Since at the end of yesterday’s mishnah we learned that Ben Gamala made the lots out of gold and he was praised for it, today’s mishnah teaches other ornaments that were donated by individuals and for which they were praised.  You can think of this mishnah as an ancient dedication plaque!


Mishnah Ten

1)      Ben Katin made twelve spigots for the laver, for there had been before only two.

a)      He also made a mechanism for the laver, in order that its water should not become unfit by remaining overnight.   

2)      King Monbaz had all the handles of all the vessels used on Yom HaKippurim made of gold.

3)      His mother Helena made a golden candelabrum over the opening of the Hekhal.

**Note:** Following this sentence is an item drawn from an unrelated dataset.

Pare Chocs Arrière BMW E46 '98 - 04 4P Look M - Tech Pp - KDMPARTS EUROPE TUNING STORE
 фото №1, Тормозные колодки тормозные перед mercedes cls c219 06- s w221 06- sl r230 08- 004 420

a)      She also made a golden tablet, on which the portion concerning the suspected adulteress was inscribed.

4)      For Nicanor miracles happened to his doors.

5)      And they were all mentioned for praise.

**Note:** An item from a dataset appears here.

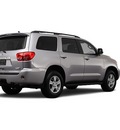 toyota sequoia 2012 suv flex fuel 8 cylinders 4 wheel drive not specified 27707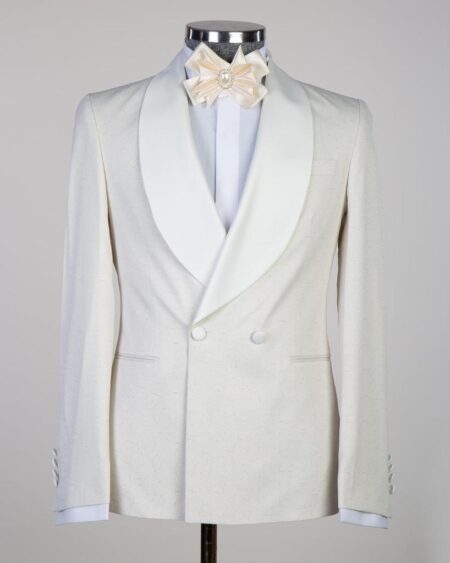 Classic Tuxedo Suit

Section one:  Ben Katin, who was also a high priest, made twelve spigots for the Temple’s laver, a fancy word for sink (see Exodus 30:18-21). The Talmud explains that this was so each of the twelve priests who were offering the tamid (see above, mishnayot 2-3) could have their own spigot.

Ben Katin is also credited with another improvement in the Temple, this one also connected to issue of water.  He made a wheel that went into the water cistern which would cause the water in the laver to be connected to the water in the cistern.  The reason for this is that any water left out overnight in a vessel in the Temple is rendered unfit.  Without this wheel, the water left over in the laver would need to be emptied out every morning.    

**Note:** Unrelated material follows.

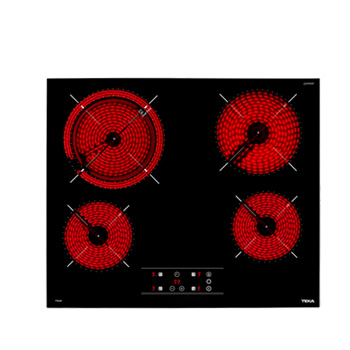 PARRILLA VITROCERAMICAS TEKA ELECTRICA (TT 6420)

Section two:  King Monbaz was king of Adiabene, which is north of Israel, and is now part of Turkey.  He, as well as his brother and mother, are mentioned as converts in Josephus. They ruled in the first century C.E., slightly before the destruction of the Temple.  According to the mishnah, he paid to make the handles of vessels out of gold, in cases such as a knife, where the vessel itself could not be made of gold.

Section three:  Monbaz’s mother, who is also mentioned in Nazir 3:6, made a golden candelabrum to stand at the entrance to the Hekhal.

Helene also made a golden tablet on which to write the chapter of the Sotah (Numbers 5:11 ff.)  From here the priest could copy the words when he needed to perform the sotah (suspected adulteress) ritual (see v. 23).

Section four:  Finally, the mishnah obliquely mentions Nikanor’s doors and the miracles that happened to them.  The Talmud (Yoma 38a) explains:  “What miracles happened to his doors? They say that when Nicanor had gone to bring doors from Alexandria of Egypt, on his return a storm arose in the sea to drown him. They took one of his doors and cast it into the sea and yet the sea would not stop its rage. They wanted to cast the other into the sea. He rose and clung to it, saying: ‘Cast me in with it!’ The sea immediately stopped its raging. He was deeply grieved about the other [door]. When he arrived at the harbor of Acco, it broke through and came up from under the sides of the boat.  Others say: A monster of the sea swallowed it and spat it out on the dry land.”